Across the street, John O’Loughlin came out of his house and trudged to where his Caravan sat buried against the curb. He cleared the door on the driver’s side, stepped in, and started the engine. Then he got out and scraped his windows. Finally, he tried to ease the vehicle forward. The tires just spun. O’Loughlin got out again, pulled a shovel from the back of the van, and dug at the snow in front of the wheels. Cork couldn’t imagine what would take a man out into a storm like that. He considered bundling up and going over to give a hand, but he knew that even if O’Loughlin made it out of the drift in front of his house, he’d just get stuck somewhere else. In a couple of minutes, Cork’s neighbor gave up and went back inside.

“Do you know her well?” he asked.

Jenny shook her head. “I used to talk to her a little at church, but she hasn’t come for a long time.”

“How about school?”

“She’s a senior. We hang out in different crowds. She’s rich. Pretty. You know.”

“She’s always seemed very nice. Quiet. Smart, I hear. Very smart.” Though how smart was it to ride a snowmobile alone into the wilderness in the dead of night?

“Smart, yeah, but she’s been kind of out of control for a while,” Jenny said. “Partying a lot, running with Solemn Winter Moon.”
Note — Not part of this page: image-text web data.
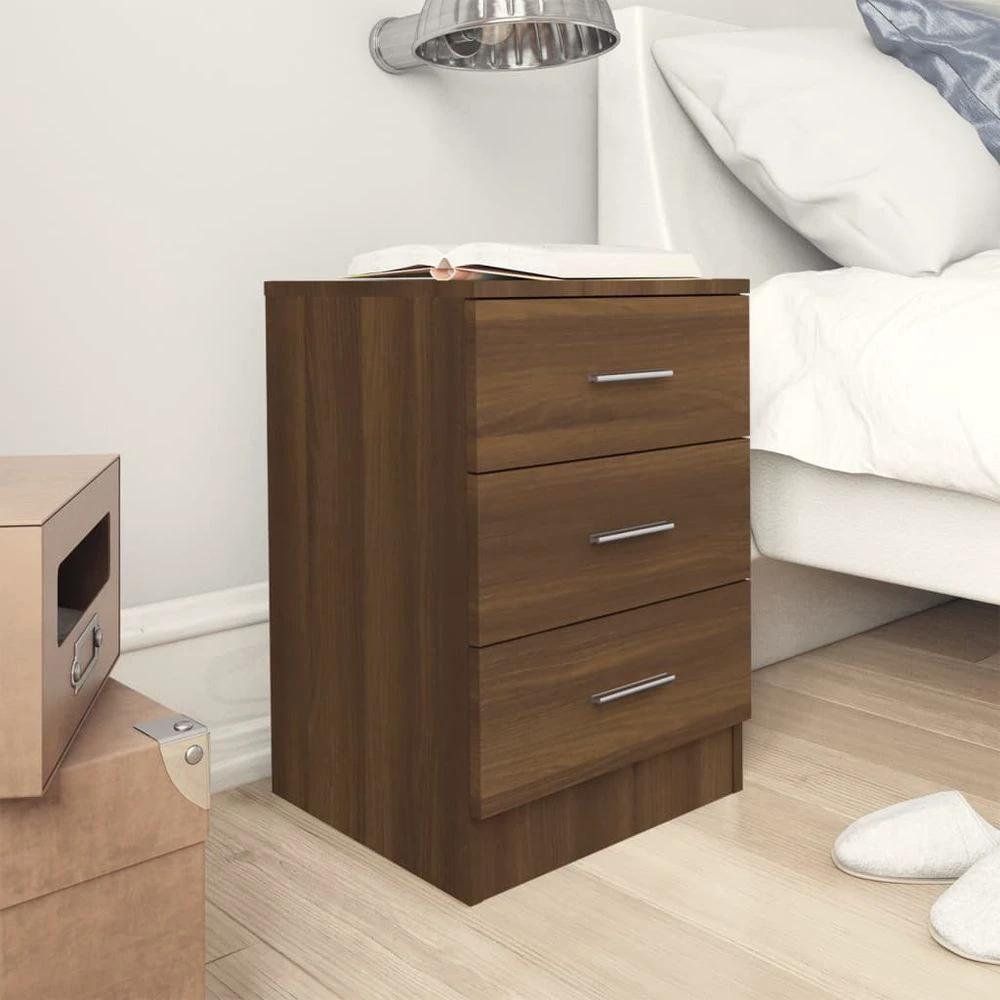 vidaXL Bedside Cabinet Smoked Oak vidaXL 38x35x56 cm Engineered Wood - Nightstands Bedside Table
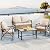 YITAHOME 4-Piece Patio Wicker Furniture Set with Wood Armrest, All Weather Rattan Conversation Furniture Sets for Backyard, Balcony, Deck w/Soft Cushions and Plastic Wood Table (Light Brown+Beige)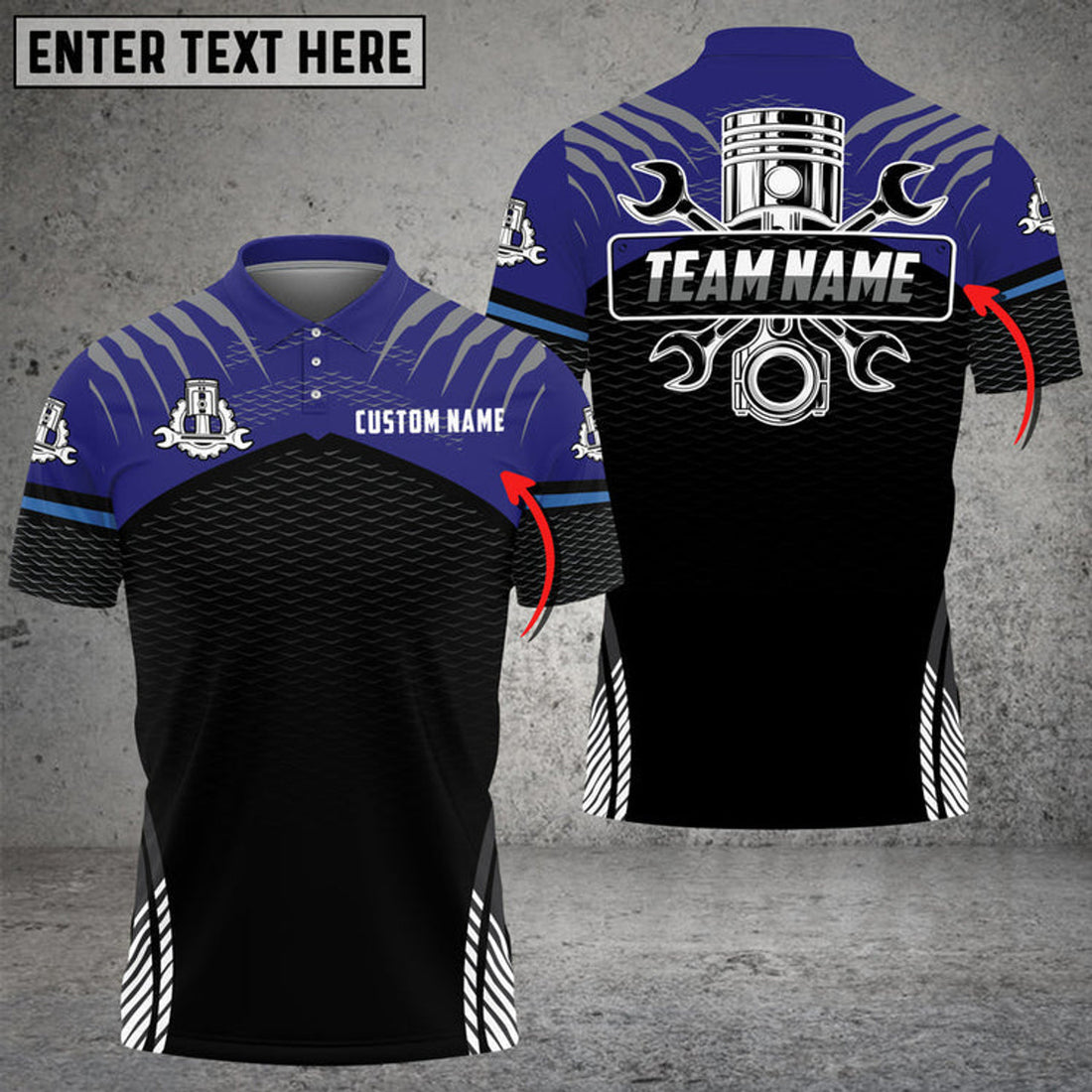 Personalized Auto Mechanic Custom Name Multi Color Printed 3D Polo Shirt, Gift for Men Mechanic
“Solemn,” Cork said. He knew the kid well. Ojibwe, good-looking, troubled. An enticing guide for a young woman who wanted a quick walk on the wild side.

“There’s something else,” Jenny began, then hesitated.

“What is it?” he said.

“It’s just that…” She bit her lip and weighed the wisdom of proceeding.

Cork waited.

“I had a class with her last term. Creative writing, one of my English electives. Mostly we wrote poetry. We read some of it aloud in class, but a lot of it we didn’t. We kept these poetry journals that we only shared with the teacher and a poetry partner. Charlotte was my poetry partner. I saw what she didn’t share with the class. What she read out loud was fine and all, but what she wrote in her journal was really different. Way better than anything else any of us wrote. But very dark.”